Portanto, os movimentos culturais locais lutam por ações e políticas emancipatórias para resistir a poderes translocais, nacionais ou globais. Há uma forte relação dicotômica no espaço nacional brasileiro da época como uma instância de

mediação entre o local e o global. Germano (2006a, p. 7, grifos nossos), trata da delicada situação dos países semiperiféricos e periféricos quando afirma que

a situação dos países pós-coloniais é ainda mais complexa, pois aí residem, para além de todos os outros problemas, os riscos de perpetuação do Estado Colonial em contextos de pós- independência, mediante a persistência de uma herança pós-colonial que oprime e mata.

Existiu naqueles movimentos culturais a busca pela inclusão do outro, pela responsabilidade com os outros e pelo alargamento do sentido do “nós”. A noção de solidariedade contra-hegemônica está ligada à esperança na possibilidade de um outro mundo, e reside na esperança de um futuro melhor, diferente do presente para que haja a reinvenção da emancipação social a partir das experiências sociais da parte subordinada, consideradas localidades remotas dos países semiperiféricos e periféricos do mundo.

Todo o processo de mundialização de trocas desiguais, em seus mais diversos campos, provocou uma separação profunda entre o conhecimento científico e as outras formas de conhecimento, a exemplo da cultura popular. Esta fragmentação revestiu-se de formas diversas no seio da crise gestada pelo paradigma epistemológico dominante da época.

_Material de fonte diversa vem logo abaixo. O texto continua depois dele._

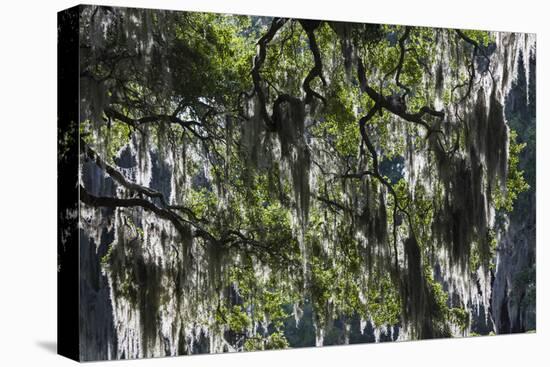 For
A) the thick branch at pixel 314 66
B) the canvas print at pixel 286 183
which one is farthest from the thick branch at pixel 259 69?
the thick branch at pixel 314 66

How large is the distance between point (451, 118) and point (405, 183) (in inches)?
29.7

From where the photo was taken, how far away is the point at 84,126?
9227 millimetres

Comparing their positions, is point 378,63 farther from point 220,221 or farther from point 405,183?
point 220,221

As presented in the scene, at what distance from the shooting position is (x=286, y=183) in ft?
33.1

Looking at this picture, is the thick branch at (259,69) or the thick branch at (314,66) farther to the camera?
the thick branch at (314,66)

Aqui, se faz necessário trazer a discussão do que seria o pensamento pós- moderno e pós-colonial, centrais nesta pesquisa, bem como sobre o que seria o exclusivismo epistemológico da ciência moderna e da redução das possibilidades emancipatórias na modernidade ocidental.

Para tanto, é necessário notificar que a história mundial foi marcada pelas eras imperiais que instituíram um sistema intelectual e cultural tendo como referência o universalismo europeu e norte-americano, excluindo a possibilidade de haver um diálogo entre outros saberes. Contudo, observamos no terceiro milênio que o legado da cultura e da educação vem com as marcas do mundo, dos embates travados na produção da ciência moderna em todos os campos do conhecimento.

Em síntese, essas trocas desiguais estrangularam a economia nacional brasileira da época e, ao mesmo tempo, reduziram as possibilidades de emancipação das localidades periféricas, bem como também os direitos sociais das classes populares. Essa escala de domínio global que restringia ideias e práticas democráticas com a construção de ausência da própria cultura popular aqui se estabelecia ao passo que o

imperialismo cultural norte-americano buscava homogeneizar as representações sociais nos universos simbólicos das camadas populares.